Warnings about scheduled sending of heartbeat

Hello,

I’m experiencing this type of errors, originating from random nodes in our cluster:

  Scheduled sending of heartbeat was delayed. Previous heartbeat was sent
   [15799] ms ago, expected interval is [1000] ms. This may cause failure
   detection to mark members as unreachable. The reason can be thread
   starvation, e.g. by running blocking tasks on the default dispatcher, CPU
   overload, or GC.

These messages appear even though I do not feed the cluster with any data to process (cpu < 1.0%).

In my knowledge, we do not run any blocking tasks in the default dispatcher,
but, just in case, I’ve tried to isolate gossip-related task with a dedicated
dispatcher, as specified in the documentation:

  akka.cluster.use-dispatcher = cluster-dispatcher

  cluster-dispatcher {
    type = "Dispatcher"
    executor = "fork-join-executor"
    fork-join-executor {
      parallelism-min = 2
      parallelism-max = 4
    }
  }

But the WARNING messages still occur.

I’m using akka 2.5.16.

Could this issue be related to the akka’s Scheduler?
Any insight to help understanding the cause of this problem would be appreciated!

Have you enabled GC logging and verified that there are no long pauses that correlate with these warnings?

What ”hardware” are you running on and is it shared with others?

Take a few thread dumps and look for blocked threads.

Thanks for your answer.

We use physical machines (no VMs).
I will double check the GC and blocked threads.
About blocked threads, I was expecting that specifying another dispatcher in akka.cluster.use-dispatcher would exclude this hypothesis.
Perhaps the scheduler in charge of emitting heartbeat is still using the default dispatcher?

No GC pauses, and no blocked threads.
Furthermore, I checked in the akka codebase, and, if I understand it well, the dispatcher used by the cluster’s scheduler is specified by akka.cluster.use-dispatcher.
So, using a cluster-specific dispatcher should have prevented such warning messages; or, am I wrong?

PS. I’m using PersistentActor and PersistentQuery with the cassandra plugin, and kamon to get some business metrics.

Sounds very strange, and it’s a very long delay.
The Sceduler has one Thread that triggers all scheduled tasks, like this one. The task is running on another dispatcher so should’t block the Scheduler.

Might have to hook up a profiler to get more insights of what is going on.

Can you reproduce on other machines? How often does it occur?

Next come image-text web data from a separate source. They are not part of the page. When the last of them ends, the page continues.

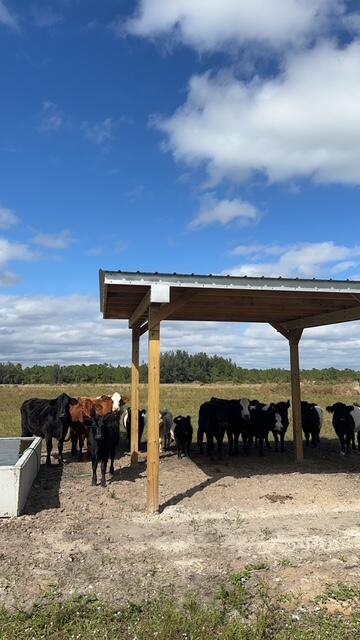 BOX RANCH GROVES - Land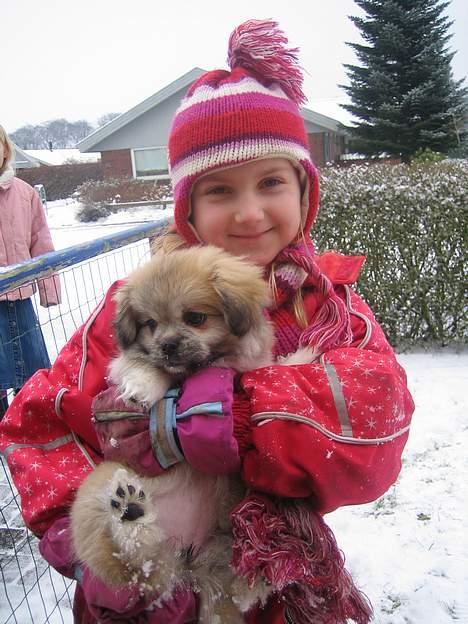 Tibetansk spaniel Follow Cespas Polly Pop - Sneen er så kold, godt Maria passer på mig! billede 10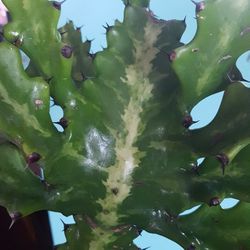 Large Euphorbia Dragon Bone Cactus Plant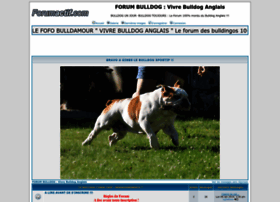 bulldog.forumsactifs.com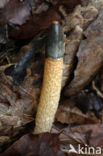 Dog Stinkhorn (Mutinus caninus)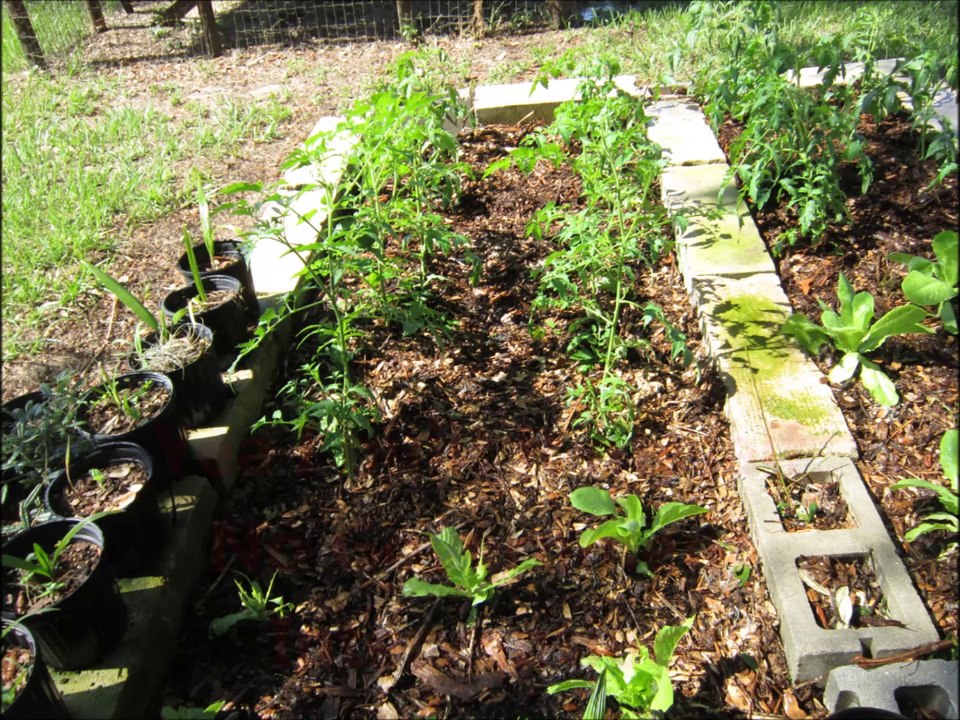 May 21, 2014 Farmer Dans Raised Beds Gardening 101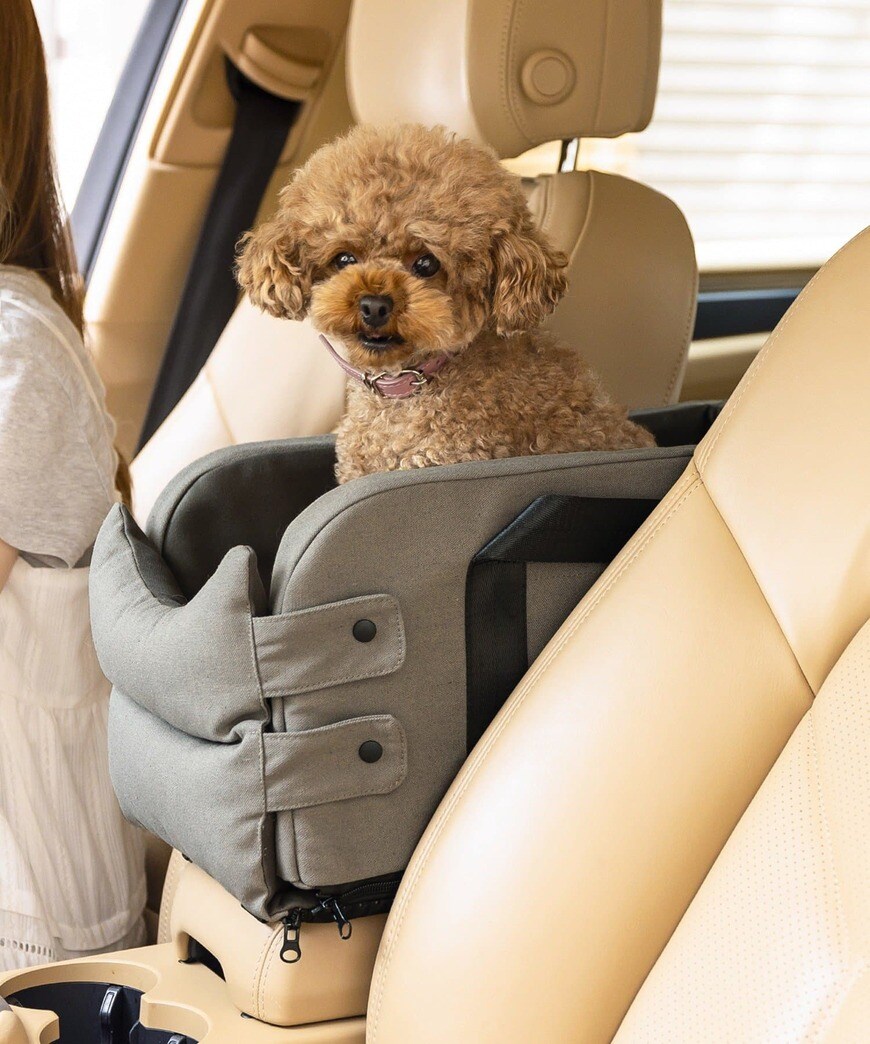 出所：3COINS公式　ドライブベッド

Yes, it happens on several machines (same datacenter), ~1 time per hour.
I tried JProfiler, and didn’t see anything suspicious.

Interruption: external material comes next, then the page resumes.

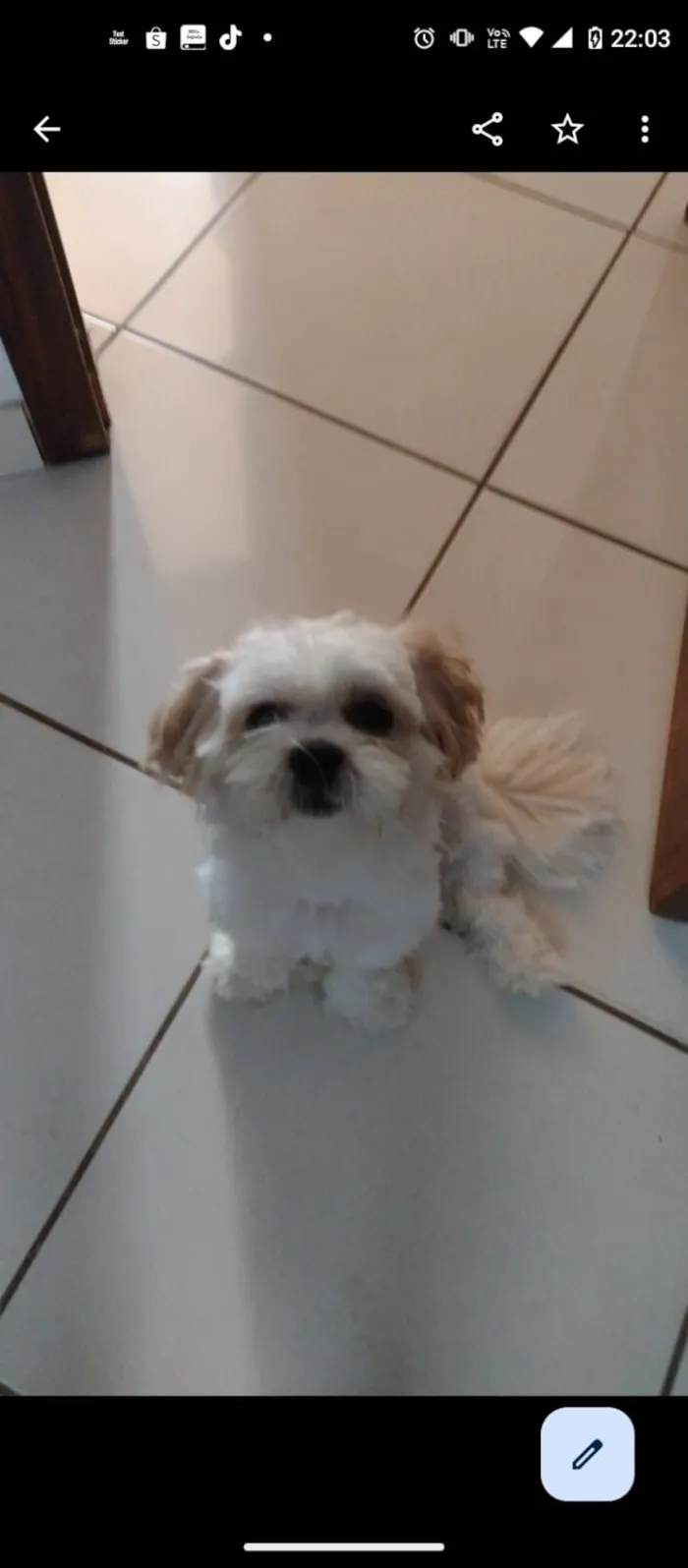Cachorro raça Shitzu idade 4 anos nome Ozzy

I’m using PersistentQuery wrapped in actor to emulate the old PersistentView behavior. Perhaps it might be related to akka-stream/cassandra/netty?

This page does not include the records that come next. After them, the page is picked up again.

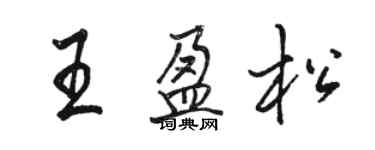 駱恆光王盈松行書個性簽名怎么寫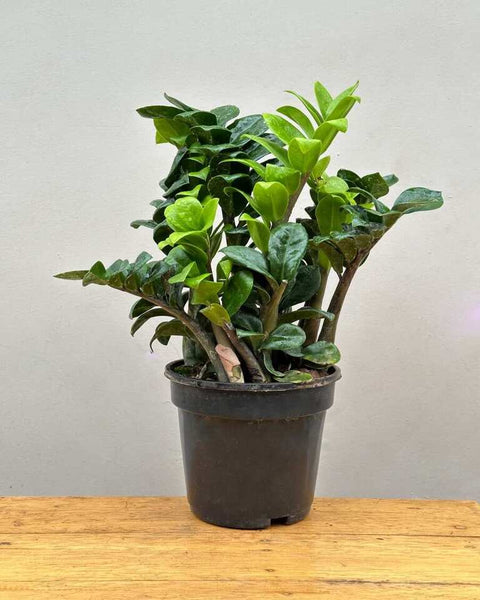 Dwarf ZZ Plant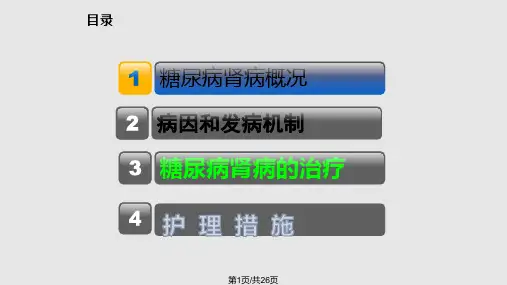 糖尿病肾病PPTPPT课件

Does it also trigger unreachability events, if you have acceptable-heartbeat-pause default value or less than 13 seconds?

@apm have you solved the issue?
I’m experiencing the same…
Akka Cassandra Persistence plugin.

Originally posted on https://stackoverflow.com/questions/58015699/akka-cluster-heartbeat-delays-on-kubernetes


Our Scala application (Kubernetes deployment) constantly experience Akka Cluster
heartbeat delays of ≈3s.

Once we even had a 200s delay which also manifested itself in the following graph:

grafana-200s

Can someone suggest things to investigate further?

Java Flight Recording

Some example:

timestamp    delay_ms
06:24:55.743 2693
06:30:01.424 3390
07:31:07.495 2487
07:36:12.775 3758

There were 4 suspicious time points where lots of Java Thread Park events were
registered simultaneously for Akka threads (actors & remoting)
and all of them correlate to heartbeat issues:

jfr-thread-park-1
jfr-thread-park-2

Around 07:05:39 there were no “heartbeat was delayed” logs, but was this one:

07:05:39,673 WARN PhiAccrualFailureDetector heartbeat interval is growing too large for address SOME_IP: 3664 millis

No correlation with halt events or blocked threads were found during
Java Flight Recording session, only two Safepoint Begin events
in proximity to delays:

jfr-safepoint-begin

CFS throttling

The application CPU usage is low, so we thought it could be related to
how K8s schedule our application node for CPU.
But turning off CPU limits haven’t improved things much,
though kubernetes.cpu.cfs.throttled.second metric disappeared.

Separate dispatcher

Using a separate dispatcher seems to be unnecessary since delays happen even when
there is no load, we also built an explicit application similar to our own which
does nothing but heartbeats and it still experience these delays.

K8s cluster

From our observations it happens way more frequently on a couple of K8s nodes in
a large K8s cluster shared with many other apps when our application doesn’t loaded much.

A separate
dedicated K8s cluster where our app is load tested almost have no issues with
heartbeat delays.

Are you sure you have defined limits and requests correctly? See:

I am also facing the issues with the delayed heartbeats. It is very strange because it is happening even without load. I also tried to use a custom dispatcher for the cluster with no luck. I created a repo, which you can use to reproduce it.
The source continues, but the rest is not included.